ACTION ITEM: Go through the listing and set it down exactly, leaving out its pictures.

DATASET EXTRACT:
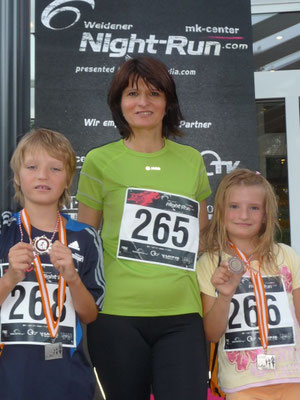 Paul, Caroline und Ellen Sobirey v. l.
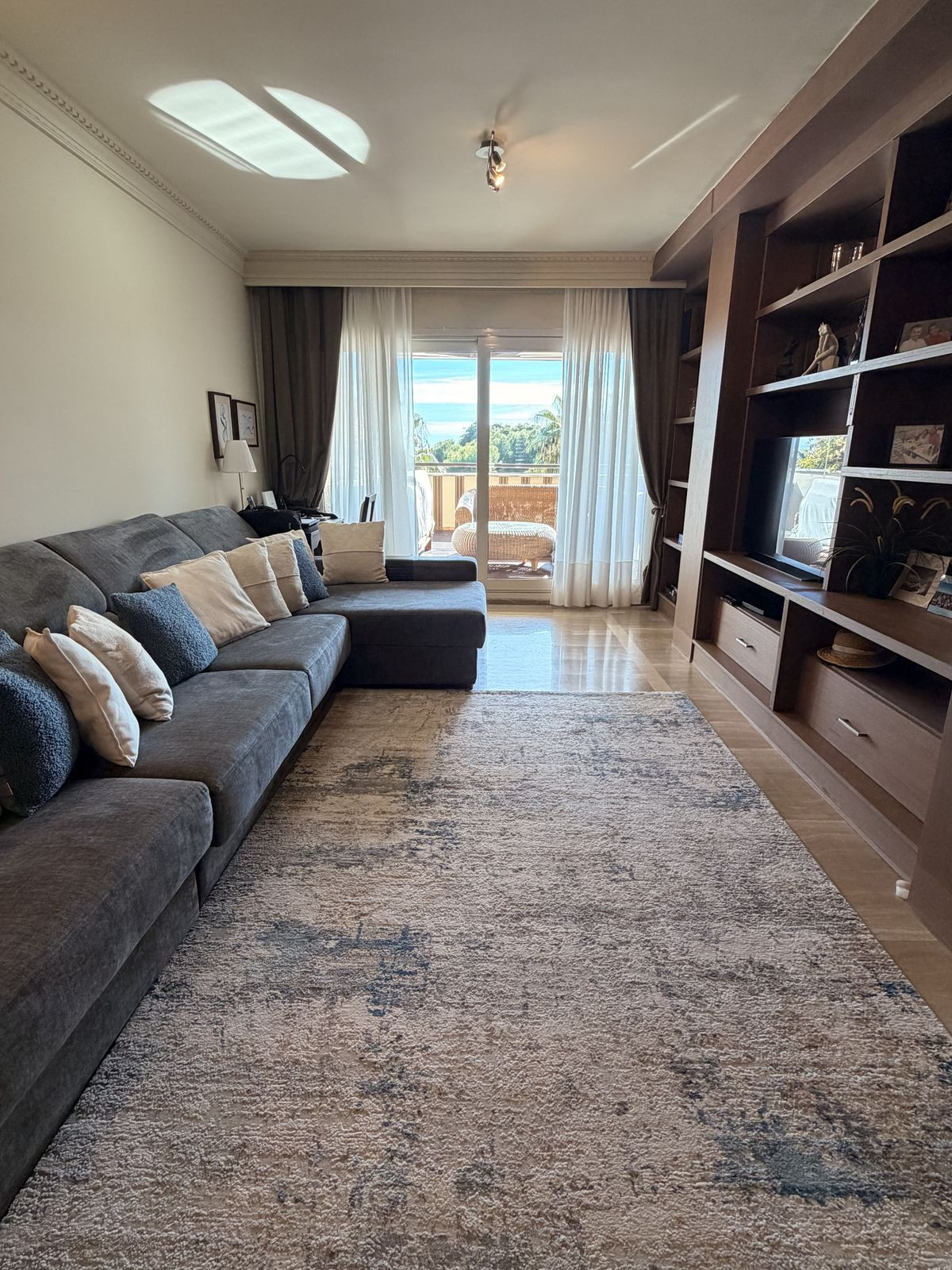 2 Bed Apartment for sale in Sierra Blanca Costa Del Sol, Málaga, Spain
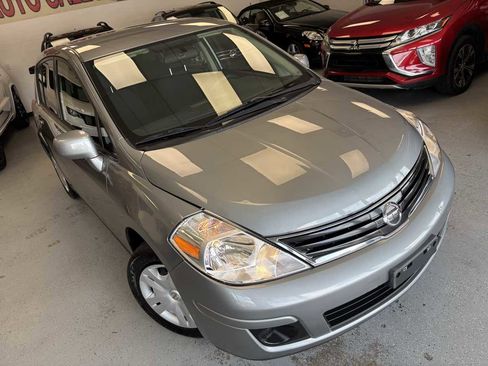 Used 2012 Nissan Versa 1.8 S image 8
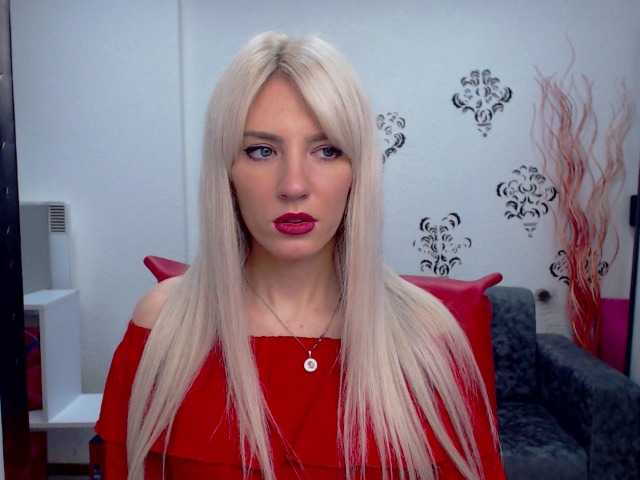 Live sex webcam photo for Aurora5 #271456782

OUTPUT OF THE EXERCISE:
 Paul, Caroline und Ellen Sobirey v. l.
 2 Bed Apartment for sale in Sierra Blanca Costa Del Sol, Málaga, Spain
 Used 2012 Nissan Versa 1.8 S image 8
 Live sex webcam photo for Aurora5 #271456782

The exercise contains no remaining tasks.